Exercise. Repeat what the lines below say, word for word, and skip every image.

Supplied information.
────

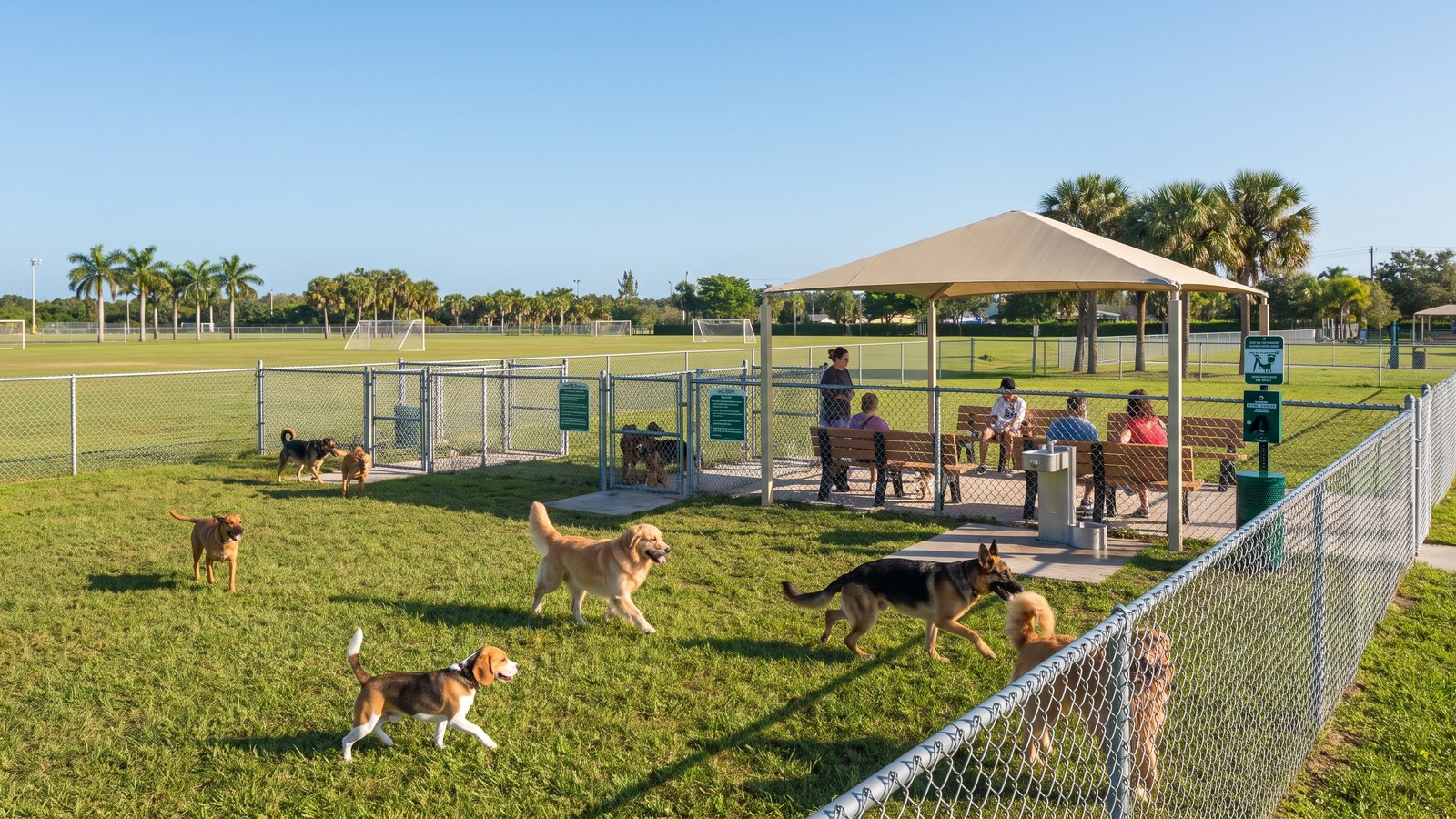 Dogs playing in a shaded fenced area with trees and greenery at John Williams Park Dog Park in Hollywood, Florida — AI-generated illustration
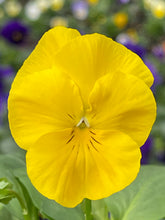 Load image into Gallery viewer, Spreading Pansy tumbles yellow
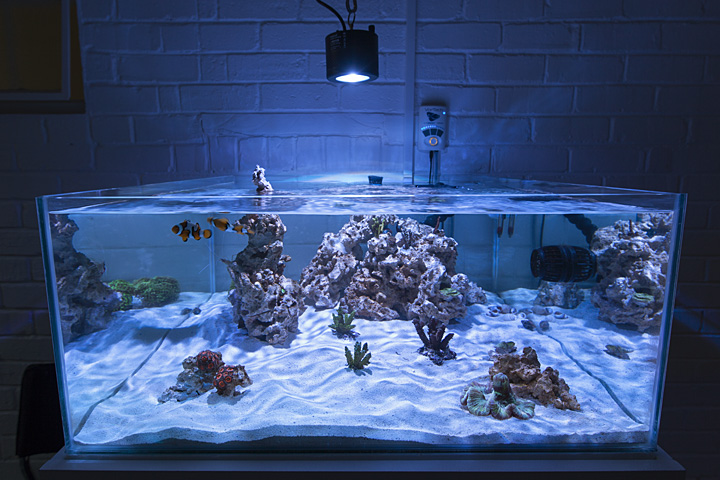 fts_feb_13_2014.jpg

────

Task response.
 Dogs playing in a shaded fenced area with trees and greenery at John Williams Park Dog Park in Hollywood, Florida — AI-generated illustration
 Load image into Gallery viewer, Spreading Pansy tumbles yellow
 fts_feb_13_2014.jpg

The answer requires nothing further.